In his book The Age of Extremes, Eric Hobsbawm notices the curious way the arts and aesthetics demonstrate an uncanny aptitude for prophetic foresight. For Hobsbawm, the avant-garde revolution in the 1910s, for example, took place long before the world whose collapse it expressed actually fell apart. It is for this reason that the cultural historian should pay close attention to the evolving aesthetic modalities of art in the context of particular political conjunctures. What are we to make of Gilles Deleuze’s use of the music and writing of Pierre Boulez in service of a philosophy that reads like an oracle? Against his own philosophy of discipline and punishment, Michel Foucault prophetically suggested that the century to come would be known as Deleuzian. When it comes to the critical reception of Boulez’s compositional aesthetics, the fairly predictable association of serialism (via Webern) with a kind of hermetic totalitarianism (the music’s mathematics as antisocial hyperintegration, etc.) has given way in more recent times to a more empirically grounded critical association of serialism and dodecaphony with the cultural politics of the Cold War. What the latter critique misses (modernism as the false mask of capitalism) is the truly uncanny prophetic resonance (in Hobsbawm’s sense) of post-war radicality with the new modalities of social life produced by the neo-liberal digital information network that emerged at the end of the twentieth century.

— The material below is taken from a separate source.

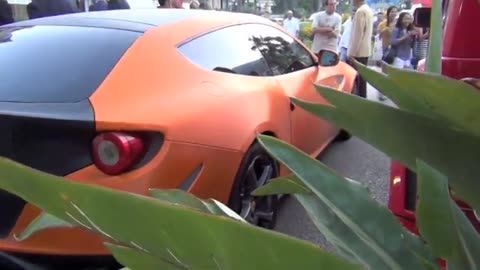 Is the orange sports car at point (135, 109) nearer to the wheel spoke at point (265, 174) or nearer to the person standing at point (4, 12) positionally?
the wheel spoke at point (265, 174)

The paper demonstrates the prophetic dimensions of Boulez’s oeuvre by way of the politico-musical philosophy of Deleuze and Félix Guattari. Boulez’s music and music theory claims residency in and serves as an important conduit for the writings of Deleuze and Guattari in the 1970s and 1980s. For example, the philosophers creatively adopt serial musical structure as a philosophical trope for thinking identity across strata. The terms they employ are largely borrowed from Boulez’s technical writings on music written nearly twenty years earlier. By situating the philosophers’ engagement with music in the historical context of a romantic-modern tradition (which, broadly, emphasises the critical aspirations of music), the paper assesses the political valences of their central arguments in the current context of postmodern capitalism, to which their work is addressed. The paper demonstrates how the philosophers’ use of Boulezian aesthetics is ultimately prophetic of dominant modalities of techno-political praxis today.